> _Instructions for the task_
Reproduce every line below exactly as written; do not include the images.

> _Information provided_

++++++++++++++++++++

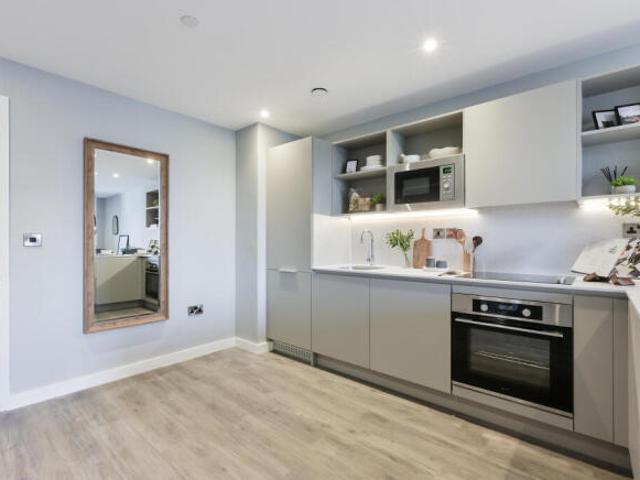 Apartment for rent in South Lane, West Yorkshire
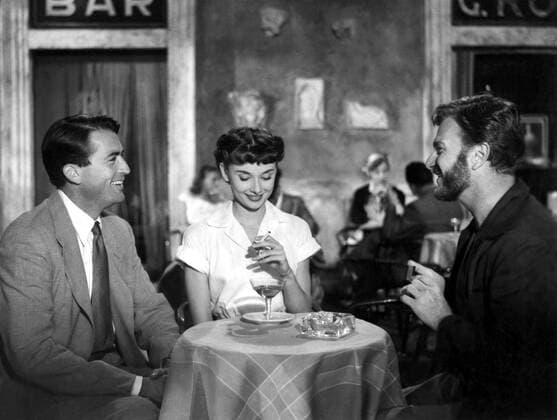 ROMAN HOLIDAY, Gregory Peck, Audrey Hepburn, Eddie Albert, 1953 Courtesy Everett Collection !ACHTUNG AUFNAHMEDATUM GESCHÃ„TZT! PUBLICATIONXNOTxINxCANxCHNxFRAxITAxJPNxNORxPOLxRUSxESPxUKxUSA Copyright: xCourtesyxEverettxCollectionx MBDROHO EC022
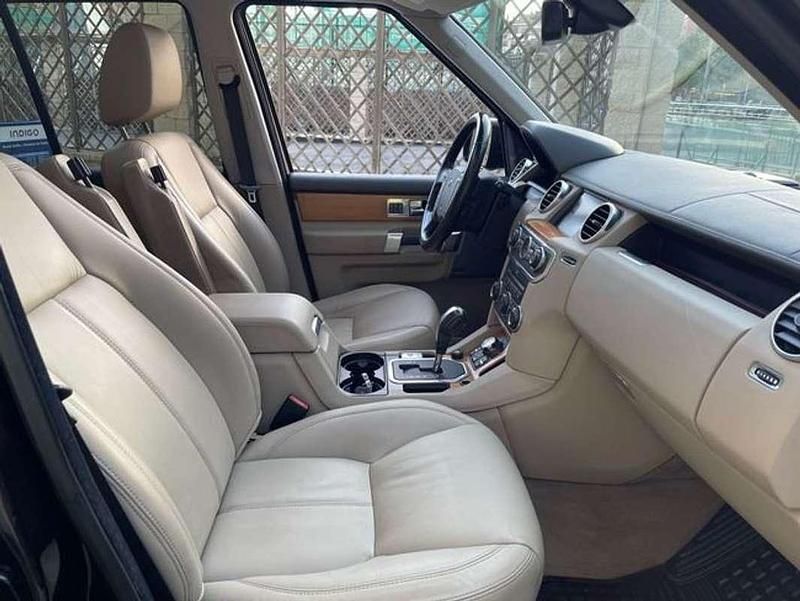 Usado Land Rover Discovery 4 HSE 245 CV (180 kW) 2011 Burdeos SUV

++++++++++++++++++++

> _Your response_
 Apartment for rent in South Lane, West Yorkshire
 ROMAN HOLIDAY, Gregory Peck, Audrey Hepburn, Eddie Albert, 1953 Courtesy Everett Collection !ACHTUNG AUFNAHMEDATUM GESCHÃ„TZT! PUBLICATIONXNOTxINxCANxCHNxFRAxITAxJPNxNORxPOLxRUSxESPxUKxUSA Copyright: xCourtesyxEverettxCollectionx MBDROHO EC022
 Usado Land Rover Discovery 4 HSE 245 CV (180 kW) 2011 Burdeos SUV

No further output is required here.